Menurut Ketut, penetapan tersangka dilakukan setelah penyidik melakukan penyelidikan secara intensif selama kurang lebih satu bulan terakhir dengan mengumpulkan berbagai alat bukti serta keterangan yang dianggap cukup untuk meningkatkan status perkara ke tahap penyidikan.

Ia mengungkapkan bahwa tersangka IT diamankan di wilayah PALI, sementara tersangka AK ditangkap di Kota Palembang. Setelah menjalani pemeriksaan awal, keduanya resmi ditetapkan sebagai tersangka dan langsung menjalani proses hukum lanjutan.

Penyidik kemudian melakukan penahanan terhadap kedua tersangka selama 20 hari terhitung sejak 3 Juni hingga 22 Juni 2026 di Rumah Tahanan Negara Kelas I Palembang guna kepentingan penyidikan yang masih terus berjalan.

Baca Juga :  Kapuspenkum Kejagung Tegaskan Denda Damai Tidak Berlaku untuk Kasus Korupsi

Baca Juga :  "Yayasan Terafiliasi Raup Insentif, Anggaran MBG Raksasa Disorot Kejaksaan Agung"

Baca Juga :  "Dana BOS Rp942 Juta Hilang, Celah Sistem dan Akuntabilitas Dipertanyakan Serius"

Ketut menegaskan bahwa berdasarkan hasil pemeriksaan sementara, penyidik menemukan bukti permulaan yang cukup terkait dugaan tindak pidana korupsi berupa gratifikasi dan suap dalam proses pengurusan proyek di lingkungan Pemerintah Kabupaten PALI tahun anggaran 2024.

“Di balik angka-angka miliaran rupiah yang beredar dalam perkara ini, tersimpan pertanyaan besar mengenai bagaimana proyek publik yang seharusnya menjadi instrumen pembangunan dapat berubah menjadi komoditas transaksi, seolah akses terhadap pekerjaan pemerintah tidak lagi ditentukan oleh kompetensi dan prosedur, melainkan oleh kemampuan memenuhi permintaan uang komitmen yang nilainya mencapai ratusan juta hingga miliaran rupiah.”

Berdasarkan pemaparan penyidik, perkara tersebut bermula pada 2 Desember 2024 saat tersangka AK mempertemukan seorang kontraktor berinisial H dengan IT yang saat itu masih berstatus sebagai Calon Wakil Bupati PALI.

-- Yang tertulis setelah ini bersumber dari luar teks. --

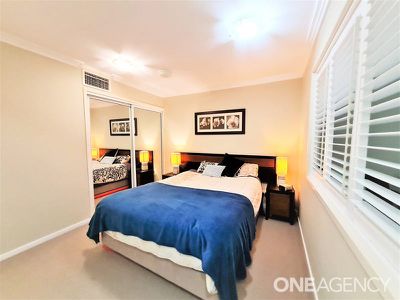 305 / 350 Esplanade, Scarness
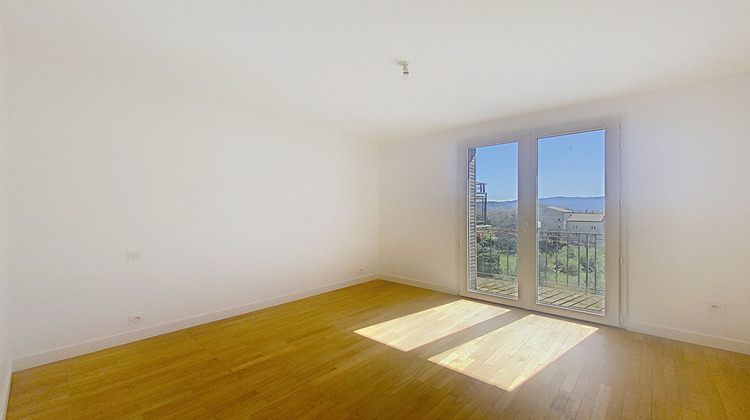 Ma-Cabane - Location Appartement LARAGNE-MONTEGLIN, 84 m²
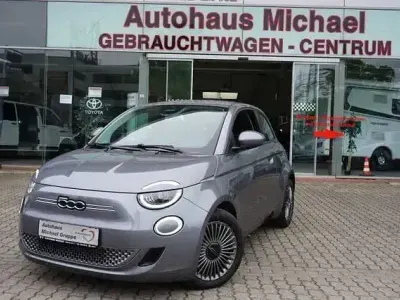 Gebraucht Fiat 500e Icon 86 kW (118 PS) 2022 Grau Limousine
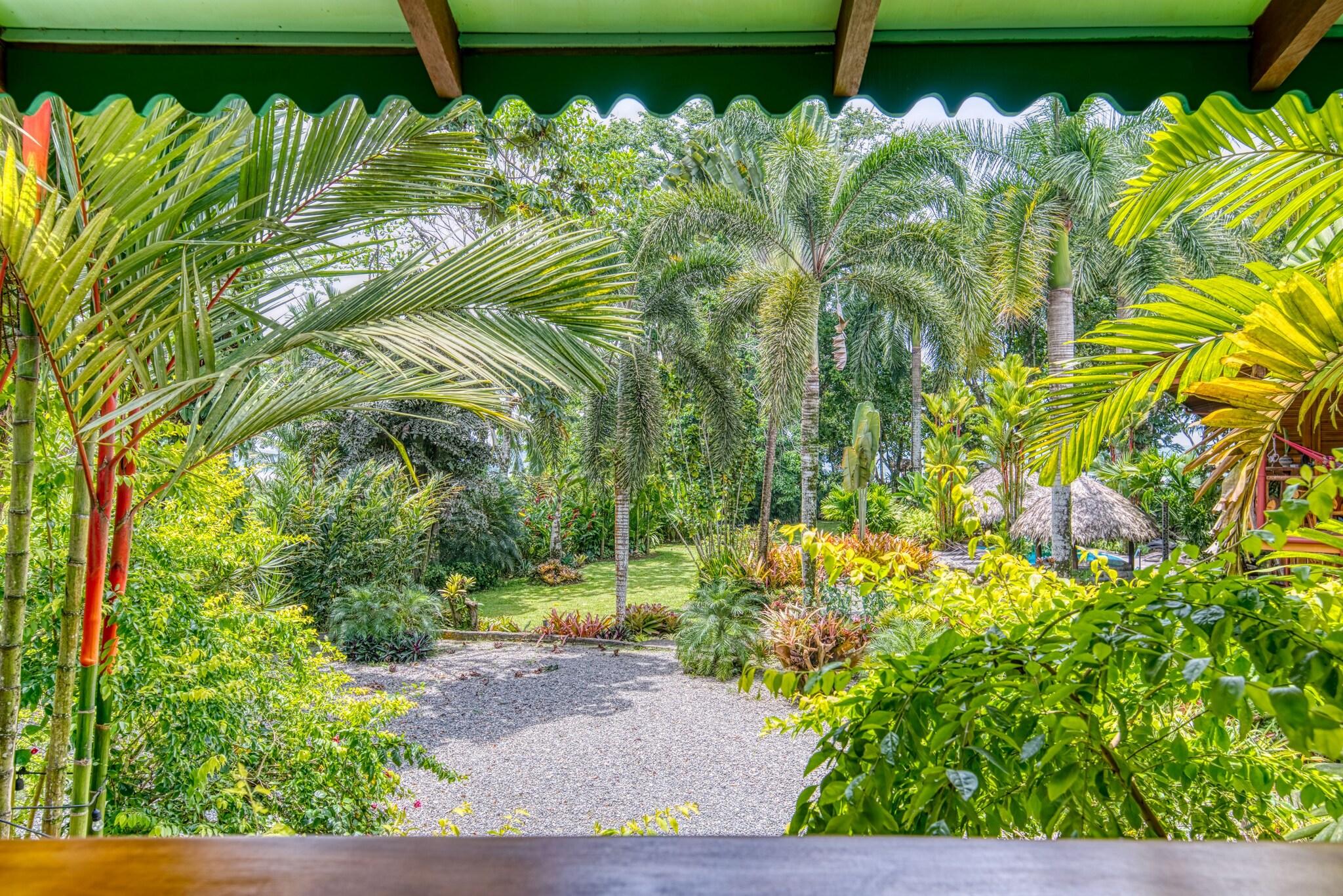 Cabin Queen Size Bed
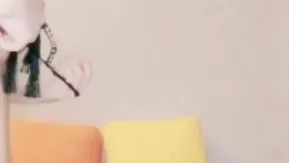 [Fuite d'une ancre chinoise] Une jolie fille aux gros seins se montre en train de se toucher dans une tenue sexy. Elle se frotte la chatte sur le canapé et enfile sa chatte sans entrejambe. Cela a l'air très tentant. .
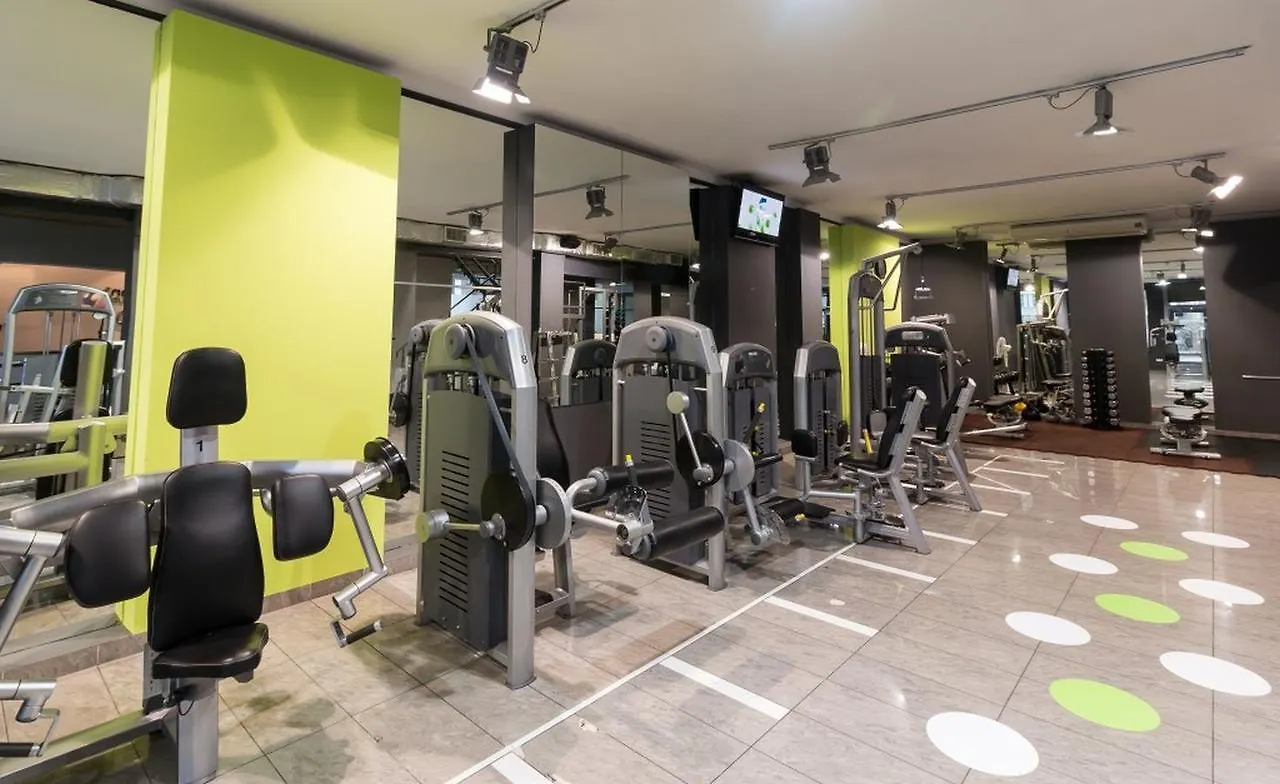 Hostel Sport Rooms II Chodakowska Warszawa Poland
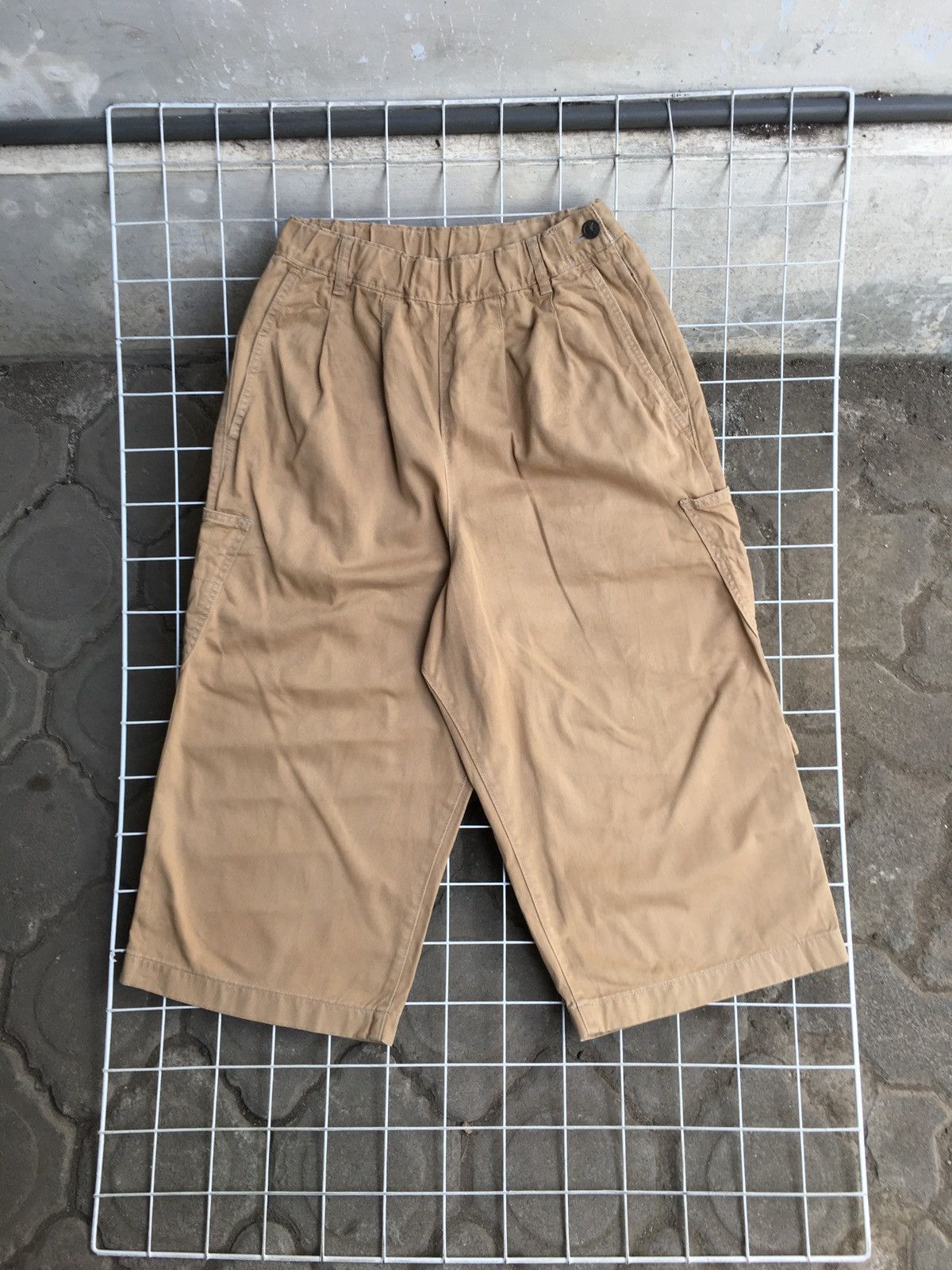 Issey Miyake Issey Miyake Mercibeaucoup wide cropped cargo Pants Size US 28 / EU 44 - 1 Thumbnail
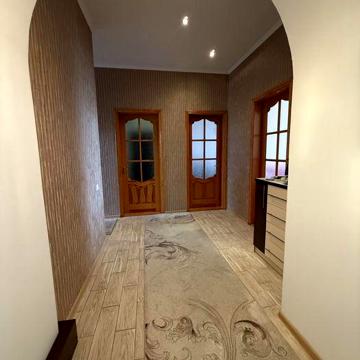 Простора квартира 122м2 з меблями, 5 школа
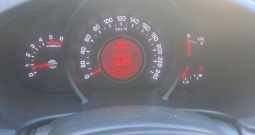 1.7 crd 140000km servisna, dva ključa, oštećenja od tuče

Pertemuan itu disebut berlangsung di kediaman pribadi IT dan membahas peluang memperoleh proyek pekerjaan timbunan agregat serta drainase di lingkungan Pemerintah Kabupaten PALI dengan nilai mencapai sekitar Rp10 miliar.

Dalam proses pembahasan tersebut, menurut hasil penyidikan, muncul permintaan uang komitmen atau commitment fee sebesar Rp1 miliar sebagai syarat agar proyek yang dibicarakan dapat diperoleh oleh kontraktor tersebut.

Setelah melalui beberapa komunikasi lanjutan, kontraktor berinisial H disebut menyanggupi permintaan tersebut dan melakukan penyerahan dana secara bertahap hingga mencapai total Rp872.500.000.

Namun fakta yang kemudian ditemukan penyidik justru memperlihatkan bahwa proyek yang dijanjikan tersebut tidak pernah terealisasi sebagaimana yang disampaikan kepada pihak pemberi uang.

Ketut Sumedana mengungkapkan bahwa sebagian dana diserahkan secara tunai sebesar Rp437 juta kepada tersangka AK di kediaman korban yang berada di Jalan Inspektur Marzuki, Palembang.

Baca Juga :  "PBHI: Pengadilan Militer dalam Kasus Andrie Yunus Mempertebal Bayang-Bayang Impunitas Aparat Negara"

Baca Juga :  "Benang Kusut Proyek Terminal BBM Merak: Dari Ruang Direksi Pertamina hingga Jejak Nama Riza Chalid"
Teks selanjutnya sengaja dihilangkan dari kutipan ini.